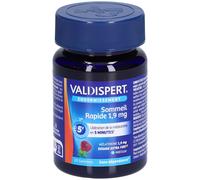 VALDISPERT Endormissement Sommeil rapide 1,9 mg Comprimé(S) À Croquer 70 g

...

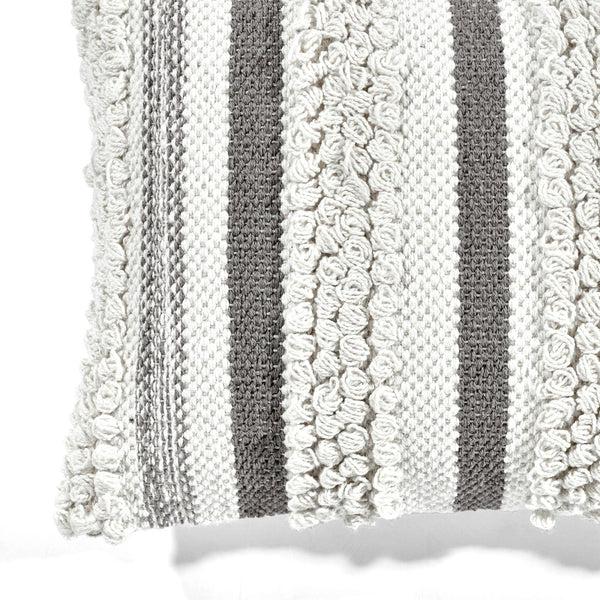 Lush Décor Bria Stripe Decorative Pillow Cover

---

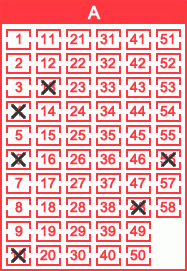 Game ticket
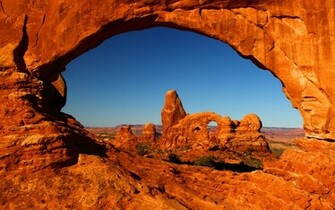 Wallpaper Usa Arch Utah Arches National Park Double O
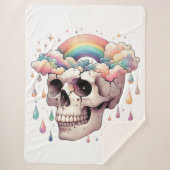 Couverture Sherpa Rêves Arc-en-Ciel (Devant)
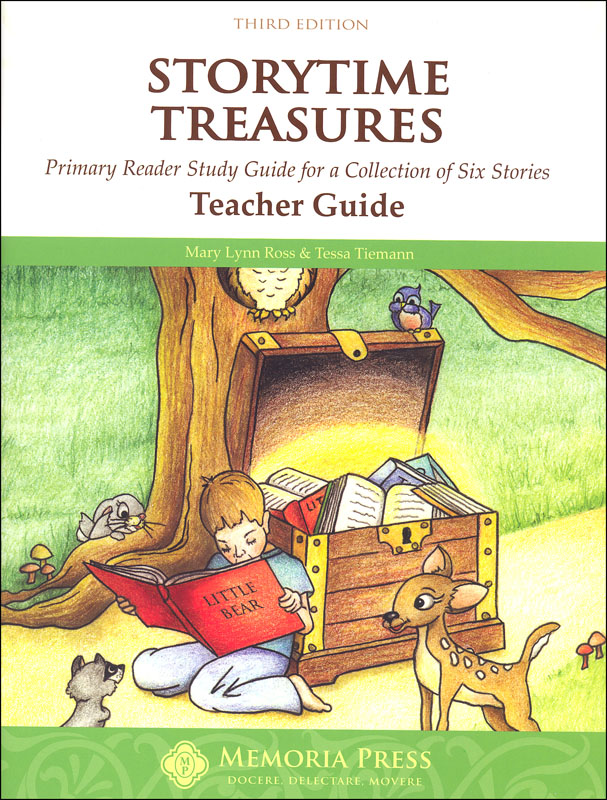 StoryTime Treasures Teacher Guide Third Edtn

*WHAT IS NEEDED*:
Your answer must be the lines above from the one holding "Game ticket" up to and including the one holding "StoryTime Treasures Teacher Guide Third Edtn", exact and with no pictures.

*FINISHED TASK*:
 Game ticket
 Wallpaper Usa Arch Utah Arches National Park Double O
 Couverture Sherpa Rêves Arc-en-Ciel (Devant)
 StoryTime Treasures Teacher Guide Third Edtn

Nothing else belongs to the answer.